Delegates engage in a debate at the Constitutional Convention.
Debate about the country's chief executive is equally spirited.  Some advocate for a strong head of state, others argue for 3 heads of state, and other delegates favor an executive who carries out the will of the legislature.  Linus tells Peppermint Patty and Marcie that the delegates seem to disagree about everything.  He worries that if the delegates can't find compromise the whole convention will be a failure.

Outside the meeting hall, Charlie Brown spends his free time creating new games.  One such activity involves hitting a ball with a stick and running to a tree before Lucy can retrieve the ball.  Lucy says it's a dumbest game she's ever heard of.


Weeks go by and turn into months and the delegates still can't reach agreements.  The deliberations drag on into mid-September.  Will they finally reach an agreement and create a new Constitution?

Plus, Charlie Brown lends his kite to Benjamin Franklin!


Review:
This Birth Of The Constitution is a good special, but it works better as entertainment than history.  For instance, the story takes place in 1787 and we see Ben Franklin conduct his kite-electricity experiment.  Franklin published his account of this experiment in 1752, not during the Constitutional Convention (recent research indicates that he might not have actually conducted the experiment himself, but that's another story).

Woodstock & Snoopy clown around in powdered wigs.
 We see lots of debates during the Constitutional Convention.  But with the exception of Franklin and George Washington, we are never told anything about the other delegates or who they are.  Sure, when one of them is identified as "Mr. Madison," it's easy to figure out that it's James Madison.


But who is "Mr. Wilson?"  How many school kids (or adults, for that matter) could tell you that he was James Wilson of Pennsylvania (who also served in the Continental Congress and was one of the first Supreme Court Justices)?  When I was a kid, this sort of thing would have bothered me.
Having said that, I believe The Birth Of The Constitution could be useful to little kids as an introduction to an important moment in the history of the United States. 

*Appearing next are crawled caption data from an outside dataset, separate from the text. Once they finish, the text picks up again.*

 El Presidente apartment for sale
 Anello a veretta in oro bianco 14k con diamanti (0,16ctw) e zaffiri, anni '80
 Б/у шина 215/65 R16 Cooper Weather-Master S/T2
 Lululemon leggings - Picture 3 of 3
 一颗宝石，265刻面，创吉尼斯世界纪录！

Peppermint Patty writes a letter to her grandmother.
I generally don't like to see adults present in Charlie Brown animation.  I'm not crazy about their appearances here, but I'll make some allowances for This Is America, since it's meant to be educational.

Perhaps the best history shown in The Birth Of The Constitution is Charlie Brown's daily life.  We see him and Snoopy performing tons of daily tasks, inside the house and out on the land.  Chuck complains that working is all he ever does.  I figure the creative team wanted to show how much manual labor the average kids had to do in 1787.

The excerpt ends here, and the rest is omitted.